By Saeb Rawashdeh - Mar 03,2015 - Last updated at Aug 20,2015

AMMAN - A local independent band sees music as a means of artistic self-expression that enables them to “utilise” their human potential in a constructive manner.

“Our mission is to express ourselves foremost as human beings,” Yazzan Al Rousan, the guitarist and vocalist of Autostrad, told The Jordan Times in a recent interview.

Established in 2007 Autostrad has since grown in popularity not only in the Kingdom but around the region.

“We influenced the Amman scene and Jordanian youth to establish their bands. Autostrad made a huge impact on the rock scene in the Kingdom,” Rousan said.

Last fall the group, which combines reggae and funk, toured the US.

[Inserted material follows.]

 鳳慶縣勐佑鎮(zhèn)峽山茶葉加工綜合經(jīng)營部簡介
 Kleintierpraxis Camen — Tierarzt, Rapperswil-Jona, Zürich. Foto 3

It is scheduled to tour several countries in the region this year, starting with Egypt in May, followed by Palestine in August, Tunisia in September, the UAE in October and Lebanon in November.

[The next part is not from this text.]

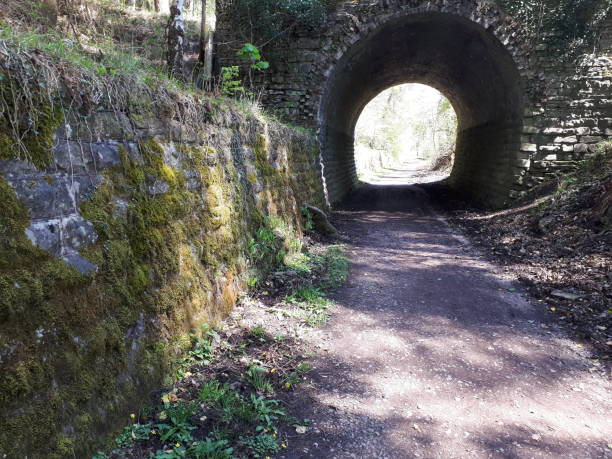 istock Woodland tunnel 956537560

But independent rock music was not as popular and diverse in Jordan a few years back, according to Rousan, who said it started to flourish in 2006-2007.

“We witnessed a boom on the rock scene eight years ago when 14-15 big bands emerged and released approximately 15 CDs,” he noted.

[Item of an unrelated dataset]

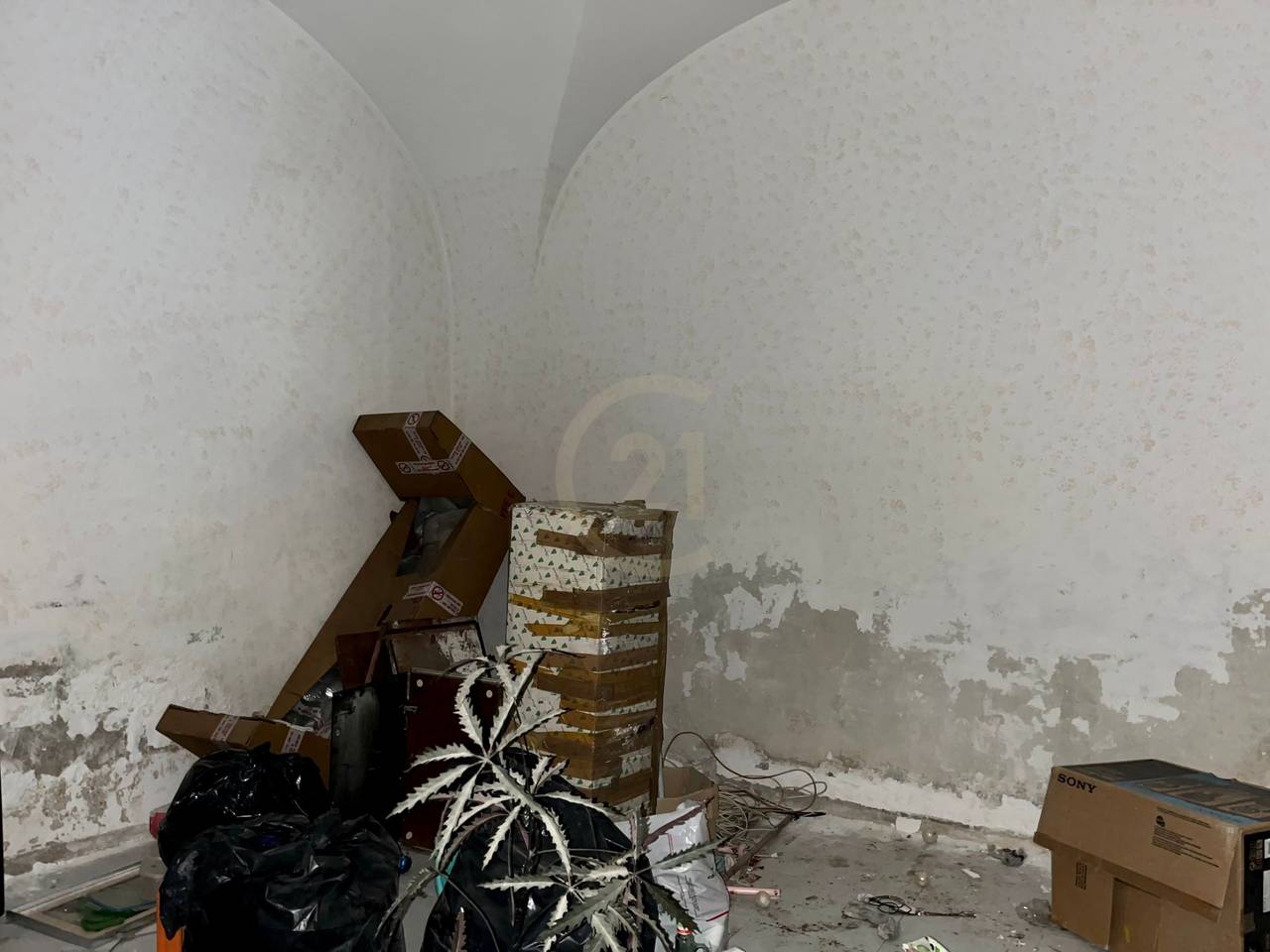 immagine annuncio 1 di 13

“The indie scene was almost non-existent prior to 2006, while now we have more diverse rock styles. Our plans are to prepare and finalise a new album in March 2015.”

The band's discography so far consists of three albums - Fe Autostrad (2009), Autostrad (2011) and Nitrogen (2013).

“Back in 2007 it was the beginning of our journey which produced more music and more love of our fans in return. It has always been a two-way street, a synergy of our music on the stage and its reception. I consider this a joint venture and an exchange of positive energy between band members and our fans,” Rousan said.

However, the band's 2013 Palestine tour sparked criticism from some fans and political activists because Autostrad members obtained Israeli visas to visit and play in the occupied Golan Heights, Nazareth, Haifa, Ramallah and Jerusalem's Old City.

The anti-normalisation camp accused them of breaking the boycott of Israel and Israeli institutions by applying for a visa to perform in historic Palestine.

But Rousan does not see it that way.

“I was going to my homeland to meet, play, entertain and talk to our fans and compatriots. I wanted to go to Palestine regardless of what people would say, as we have a joint dream to fulfil,” he said.

“Everyone in the world should go to Palestine - regardless of their ethnicity, race or religion - to visit such an ancient and unique place,” the musician added, calling for a different perspective on the matter.

“For me, Palestine isn't occupied and if we change the perspective we can also influence and change the reality on the ground,” Rousan explained.

“The whole planet has come to the brink of destruction due to globalisation. The process of globalisation affects everyone,” he said.

However, the idealist approach alone cannot take the band to the heights of popularity in Jordan and the Middle East, and Rousan is aware of material aspect of the matter.

The band sustains itself through the money it generates from concerts and tours.

“If we don't make enough money we won't succeed in spreading our message to the world,” Rousan acknowledged.